Süddeutsche Zeitung

Brexit:Britischer Finanzminister sieht keinen unmittelbaren Handlungsbedarf

  • Der britische Finanzminister Osborne versichert, dass der Haushalt auch nach dem Brexit-Votum nicht aus dem Ruder laufen wird.
  • Die Regierung habe "Maßnahmen" vorbereitet, um mit Marktschwankungen fertig zu werden, sagte Osborne. Allerdings sei für konkrete Entscheidungen Zeit bis zum Herbst, wenn ein neuer Premier gewählt sei.
  • Brexit-Befürworter Boris Johnson beschwichtigte seine Landsleute in einer Zeitungskolumne: Die negativen Folgen eines EU-Austritts würden stark übertrieben.

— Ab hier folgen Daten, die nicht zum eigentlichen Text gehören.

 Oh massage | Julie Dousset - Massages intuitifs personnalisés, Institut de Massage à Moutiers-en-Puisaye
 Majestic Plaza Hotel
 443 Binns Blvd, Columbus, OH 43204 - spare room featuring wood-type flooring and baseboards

Der britische Finanzminister George Osborne rechnet nach dem Brexit-Votum mit anhaltenden Turbulenzen an den Finanzmärkten. Sein Land könne die schwierige Herausforderung aber meistern, sagte Osborne am Montag. "Unsere Wirtschaft ist so stark wie nötig, um sich der Herausforderung zu stellen, die auf unser Land jetzt zukommt", erklärte der Minister in seiner ersten Rede seit dem Brexit-Votum. Die britische Wirtschaft sei "hochgradig wettbewerbsfähig und offen für Investitionen".

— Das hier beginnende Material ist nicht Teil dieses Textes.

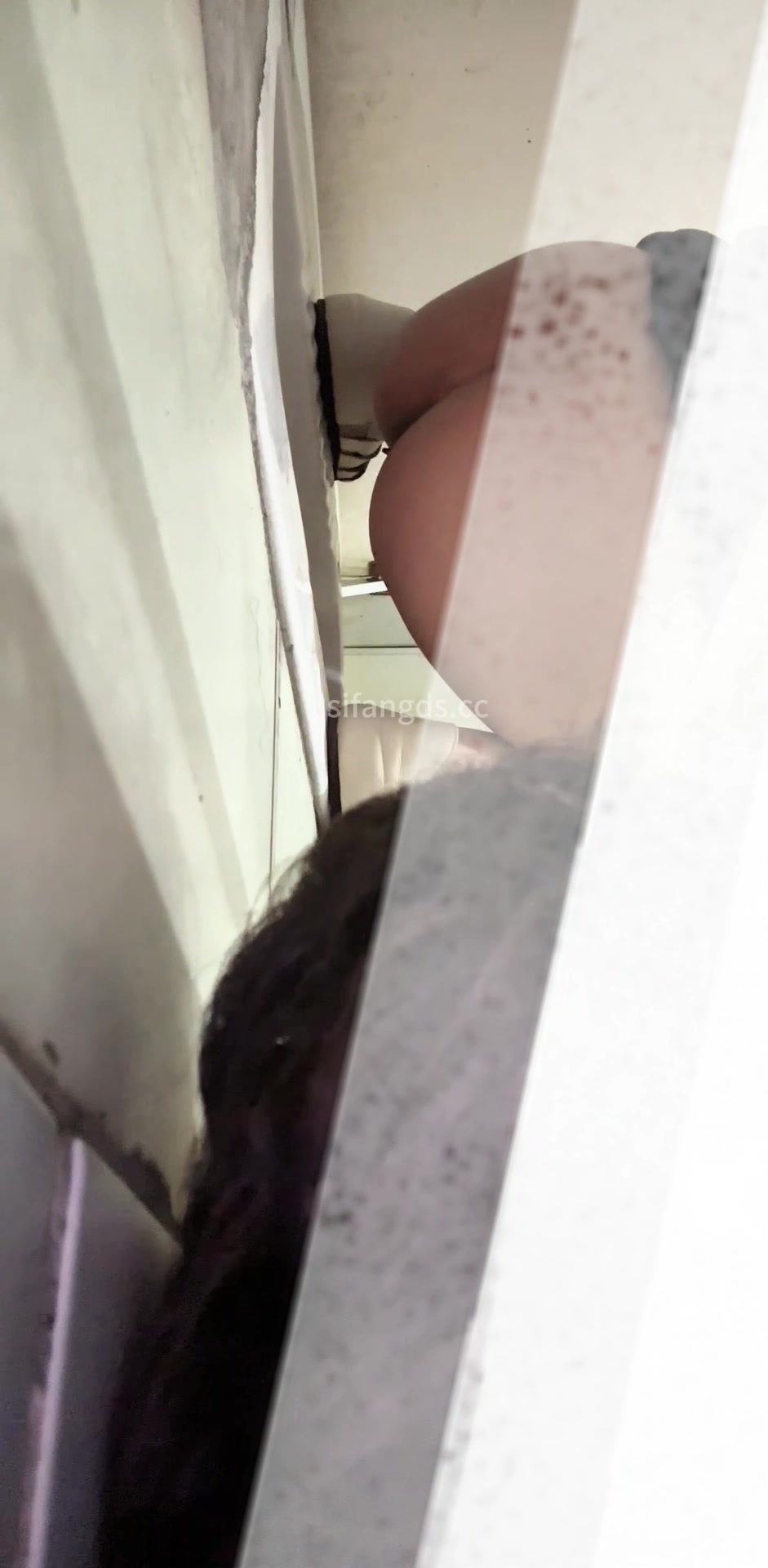 （本期最强）穿着凉鞋头上戴朵红花的极品大三白虎学姐尿尿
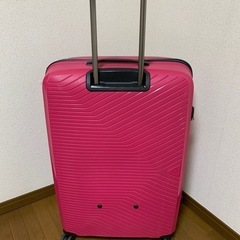ビビットピンク色Lサイズキャリーケース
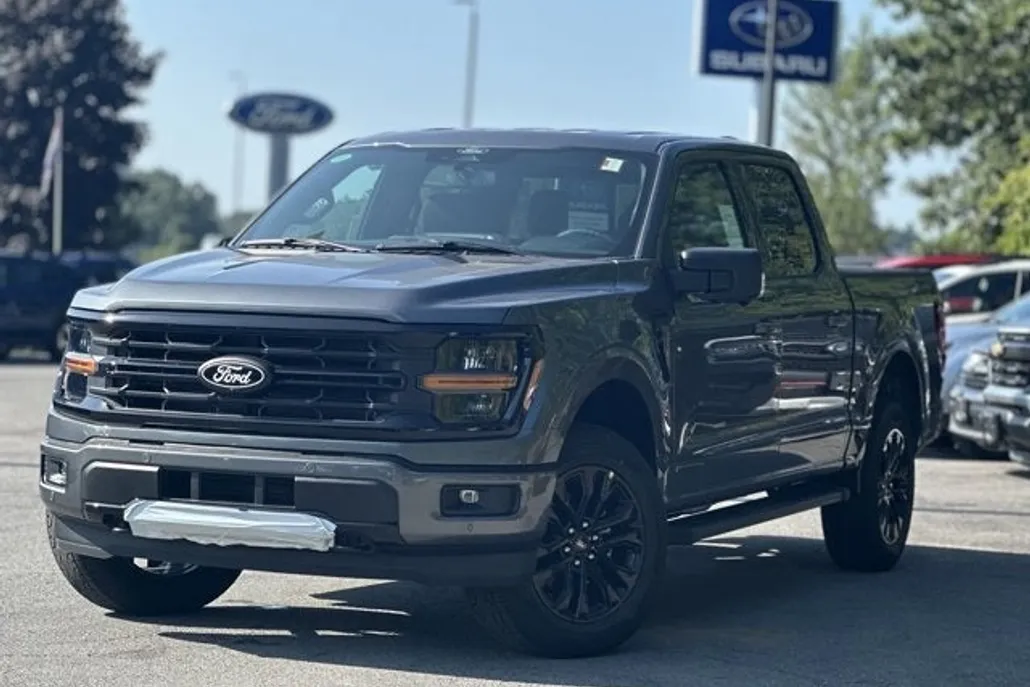 2025 Ford F-150 XLT photo 1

Weiter versprach Osborne, dass die Regierung "Maßnahmen" vorbereitet habe, um mit den zu rechnenden wirtschaftlichen Folgen des Brexits und den Auswirkungen auf die öffentlichen Ausgaben umzugehen. Der Finanzminister machte allerdings auch deutlich, dass er nichts von übereilten Aktionen hält. Es sei "absolut vernünftig, zu warten, bis wir einen neuen Premier haben, bevor wir uns damit befassen".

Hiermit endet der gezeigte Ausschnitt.